Influencer recruitment is changing and brands need to be proactive to avoid disruption. Many brands employ third-party data collection to find and discover new influencer partnerships. Agencies and platforms use “Influencer Search Tools” to speed up the process for brands searching for influencers that fit their niche, location, and brand image. But these tools may soon be a relic of the past.
Third-party data is losing its rank among acceptable marketing practices. As consumer privacy concerns ramp up, major tech players are cracking down. Apple introduced their cookie-killing update in 2021, and Google is planning their update for 2024.
Now, Meta is in on the action. Recent updates to Meta’s terms and conditions for APIs mean that any companies integrating with platforms owned by the brand need to be using first-party data only. And the social super-giant is enforcing its terms with those who don’t comply, demanding they change their approach to data or forfeit integrations with Meta.
The End of Third-Party Influencer Recruitment
What is happening?
Without social media integrations, companies that provide tools or services to help brands run influencer marketing campaigns cannot link brand social accounts or collect performance data on posts created by influencers such as views, comments, and likes.
Now, any companies that integrate with Instagram or Facebook found to be connecting with creators through the use of third-party data - such as search tools that scrape social media accounts for data - will have their integrations removed.
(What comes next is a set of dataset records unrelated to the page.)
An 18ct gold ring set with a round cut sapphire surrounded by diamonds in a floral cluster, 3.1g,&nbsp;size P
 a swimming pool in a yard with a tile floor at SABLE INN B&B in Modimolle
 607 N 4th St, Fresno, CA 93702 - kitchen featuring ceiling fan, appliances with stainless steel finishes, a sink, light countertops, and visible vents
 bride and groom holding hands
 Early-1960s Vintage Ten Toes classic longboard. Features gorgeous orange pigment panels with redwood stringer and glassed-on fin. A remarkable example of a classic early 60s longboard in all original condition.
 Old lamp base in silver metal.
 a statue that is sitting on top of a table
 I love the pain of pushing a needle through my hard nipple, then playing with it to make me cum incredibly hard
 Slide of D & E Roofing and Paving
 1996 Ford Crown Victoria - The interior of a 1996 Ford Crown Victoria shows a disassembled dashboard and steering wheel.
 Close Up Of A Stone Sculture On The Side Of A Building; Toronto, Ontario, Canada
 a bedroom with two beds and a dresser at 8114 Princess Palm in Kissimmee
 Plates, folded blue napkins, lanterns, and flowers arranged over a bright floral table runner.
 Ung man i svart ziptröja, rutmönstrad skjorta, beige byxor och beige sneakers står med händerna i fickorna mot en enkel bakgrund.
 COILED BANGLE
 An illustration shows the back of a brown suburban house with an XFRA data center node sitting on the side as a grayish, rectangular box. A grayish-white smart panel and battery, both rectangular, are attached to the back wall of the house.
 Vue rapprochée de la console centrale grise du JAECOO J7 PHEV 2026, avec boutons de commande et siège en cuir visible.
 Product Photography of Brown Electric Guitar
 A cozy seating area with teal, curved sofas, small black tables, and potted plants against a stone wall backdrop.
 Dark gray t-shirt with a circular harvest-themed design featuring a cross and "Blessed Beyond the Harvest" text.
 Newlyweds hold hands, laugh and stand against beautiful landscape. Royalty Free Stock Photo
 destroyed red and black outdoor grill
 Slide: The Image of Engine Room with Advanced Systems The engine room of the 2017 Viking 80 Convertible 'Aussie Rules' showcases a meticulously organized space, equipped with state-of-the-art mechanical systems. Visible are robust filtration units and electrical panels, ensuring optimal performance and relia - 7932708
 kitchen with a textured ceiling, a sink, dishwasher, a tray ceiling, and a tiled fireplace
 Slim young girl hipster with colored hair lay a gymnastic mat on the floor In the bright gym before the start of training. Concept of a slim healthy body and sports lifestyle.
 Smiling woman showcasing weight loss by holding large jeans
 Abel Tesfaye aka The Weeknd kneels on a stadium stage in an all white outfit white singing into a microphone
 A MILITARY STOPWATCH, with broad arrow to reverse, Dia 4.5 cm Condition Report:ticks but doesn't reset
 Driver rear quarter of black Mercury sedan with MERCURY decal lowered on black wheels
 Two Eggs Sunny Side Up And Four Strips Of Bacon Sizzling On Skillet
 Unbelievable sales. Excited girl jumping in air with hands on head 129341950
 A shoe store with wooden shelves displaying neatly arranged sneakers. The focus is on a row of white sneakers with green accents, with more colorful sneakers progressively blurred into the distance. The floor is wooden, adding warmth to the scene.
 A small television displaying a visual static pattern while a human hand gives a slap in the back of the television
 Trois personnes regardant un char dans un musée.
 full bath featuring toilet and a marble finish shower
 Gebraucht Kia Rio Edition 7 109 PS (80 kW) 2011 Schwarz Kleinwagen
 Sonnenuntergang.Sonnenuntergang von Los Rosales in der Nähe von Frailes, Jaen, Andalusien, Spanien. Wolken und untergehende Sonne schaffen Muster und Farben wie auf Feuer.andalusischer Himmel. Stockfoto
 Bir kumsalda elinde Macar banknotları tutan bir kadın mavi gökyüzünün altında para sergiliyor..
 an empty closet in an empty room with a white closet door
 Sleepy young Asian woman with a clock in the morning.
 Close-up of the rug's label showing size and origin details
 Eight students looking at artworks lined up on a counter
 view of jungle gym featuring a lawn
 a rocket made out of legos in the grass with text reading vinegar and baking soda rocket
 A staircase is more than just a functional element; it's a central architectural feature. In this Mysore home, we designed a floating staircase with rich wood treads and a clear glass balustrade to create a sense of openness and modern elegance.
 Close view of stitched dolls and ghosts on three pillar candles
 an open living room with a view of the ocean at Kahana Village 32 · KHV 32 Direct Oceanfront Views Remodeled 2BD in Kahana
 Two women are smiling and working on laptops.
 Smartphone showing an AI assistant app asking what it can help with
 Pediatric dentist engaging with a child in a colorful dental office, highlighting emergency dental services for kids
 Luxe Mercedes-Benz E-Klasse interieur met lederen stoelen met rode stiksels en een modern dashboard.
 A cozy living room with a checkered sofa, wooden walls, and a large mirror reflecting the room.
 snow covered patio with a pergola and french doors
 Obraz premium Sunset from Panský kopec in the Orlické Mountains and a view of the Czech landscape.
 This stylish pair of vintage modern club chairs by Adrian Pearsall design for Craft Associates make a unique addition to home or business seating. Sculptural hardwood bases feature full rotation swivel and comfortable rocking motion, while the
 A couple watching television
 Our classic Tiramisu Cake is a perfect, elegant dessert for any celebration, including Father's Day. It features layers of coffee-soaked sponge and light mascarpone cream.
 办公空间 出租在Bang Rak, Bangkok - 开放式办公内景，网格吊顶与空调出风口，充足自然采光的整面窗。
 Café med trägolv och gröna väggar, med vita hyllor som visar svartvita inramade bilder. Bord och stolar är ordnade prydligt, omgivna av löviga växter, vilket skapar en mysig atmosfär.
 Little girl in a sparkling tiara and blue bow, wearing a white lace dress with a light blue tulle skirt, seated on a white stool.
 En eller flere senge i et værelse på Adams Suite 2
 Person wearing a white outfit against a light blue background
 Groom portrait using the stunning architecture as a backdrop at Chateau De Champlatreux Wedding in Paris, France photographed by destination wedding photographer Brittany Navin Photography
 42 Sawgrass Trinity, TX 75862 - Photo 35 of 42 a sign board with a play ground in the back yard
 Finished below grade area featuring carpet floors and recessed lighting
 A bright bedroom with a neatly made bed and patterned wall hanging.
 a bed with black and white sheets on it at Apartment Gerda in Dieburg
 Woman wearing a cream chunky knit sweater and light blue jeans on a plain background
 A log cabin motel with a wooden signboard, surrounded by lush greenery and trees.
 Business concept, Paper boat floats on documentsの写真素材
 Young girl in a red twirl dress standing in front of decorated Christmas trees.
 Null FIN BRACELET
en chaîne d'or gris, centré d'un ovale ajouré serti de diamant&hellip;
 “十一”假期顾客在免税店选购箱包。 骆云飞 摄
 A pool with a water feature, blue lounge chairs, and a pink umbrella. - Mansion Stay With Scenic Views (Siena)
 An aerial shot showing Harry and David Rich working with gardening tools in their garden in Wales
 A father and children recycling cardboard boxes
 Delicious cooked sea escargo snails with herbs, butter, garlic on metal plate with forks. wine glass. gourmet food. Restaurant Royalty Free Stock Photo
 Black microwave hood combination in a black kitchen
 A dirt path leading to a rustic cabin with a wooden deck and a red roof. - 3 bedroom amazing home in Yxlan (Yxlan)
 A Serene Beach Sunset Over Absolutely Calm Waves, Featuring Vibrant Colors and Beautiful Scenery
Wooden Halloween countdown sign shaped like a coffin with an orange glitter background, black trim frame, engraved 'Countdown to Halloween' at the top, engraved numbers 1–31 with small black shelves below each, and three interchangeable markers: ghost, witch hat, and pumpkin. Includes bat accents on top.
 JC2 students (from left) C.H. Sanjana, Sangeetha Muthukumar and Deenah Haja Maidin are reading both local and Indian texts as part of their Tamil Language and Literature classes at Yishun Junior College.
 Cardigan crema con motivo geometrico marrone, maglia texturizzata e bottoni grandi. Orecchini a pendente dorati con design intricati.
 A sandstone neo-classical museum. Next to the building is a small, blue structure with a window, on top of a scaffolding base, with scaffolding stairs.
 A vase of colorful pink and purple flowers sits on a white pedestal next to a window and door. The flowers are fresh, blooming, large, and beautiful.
This change recently hit influencer marketing platform GRIN. The company has long been praised for its extensive influencer search tool. Though it’s not the only software using third-party data to connect clients with content creators, it was the first notable company on the chopping block.
Clients of GRIN were surprised when the company suddenly eliminated search tool data on users for Instagram and Facebook. The brand released a post detailing the changes to the platform, stating, “we were asked to [make this change] by Meta in order to continue accessing Meta’s API. GRIN and all other companies in the creator economy have to comply with the terms of the major social networks. Any software vendor that doesn’t comply will face deactivation or worse.”
Who is at risk?
All agencies and platforms providing brands with third-party data on creators and influencers risk losing their integrations with Meta. This means that any brands using these services may lose the ability to integrate their influencer program with Meta's services. Such a loss could disrupt their program and not only cost them money but damage the influencer relationships they’ve worked so hard to build.
How does this change influencer recruitment?
Although this sounds like a major blow for brands using influencer marketing, it doesn't have to be. Many brands find that working with influencers recruited through cold messaging produces less impressive results than working with their true fans.
Word of mouth has been around long before social media. And it’s always been more effective coming from someone who genuinely loves and uses a product or service in their everyday life. In fact, part of GRIN’s statement claims that 87% of successful brand-creator partnerships on the platform have come from other recruitment methods - not their search tool.
Brands that recruit through other means such as social media posts, newsletters, post-purchase emails, and more, are able to build long-term, authentic relationships with their real customers and fans. They are already coming out on top of brands that primarily partner with influencers who have no prior experience with the brand.
In fact, partnering with influencers who’ve never used your products before could damage your reputation. 62% of surveyed Americans said that it’s unethical for influencers to promote products they don’t use themselves.
How to get ahead of the game
If you're using third-party data to recruit your influencers, it's time to restrategise. Transition away from any services you use that implement third-party data to help you discover creators or start using your own methods to recruit micro-influencers to your community. This protects you from a sudden change that leaves you scrambling.
Many social networks are starting to help brands connect and work with creators in-house. Meta’s Creator Marketplace, TikTok's Creator Marketplace, and YouTube’s BrandConnect are examples. While these are viable options that definitely won't get you dinged by the social channels, they do have limits.
Other options include influencer marketing management platforms. There are various platforms that are experienced in helping brands build and grow influencer marketing programs without using third-party data. However, this method does come with a price tag.
Running your program on your own is another option. Brands starting out often manually search through social media platforms. Although it can be time-consuming, it doesn’t come with additional fees.
Above all, brands need to focus on building a community of their already loyal customers. Tapping into the social influence of your consumers improves customer retention and provides valuable word-of-mouth marketing. With 92% of people saying they trust online recommendations from their family and friends, having everyday people promoting your brand is incredibly valuable. Perhaps, over time, the termination of third-party data to recruit influencers will be a blessing in disguise.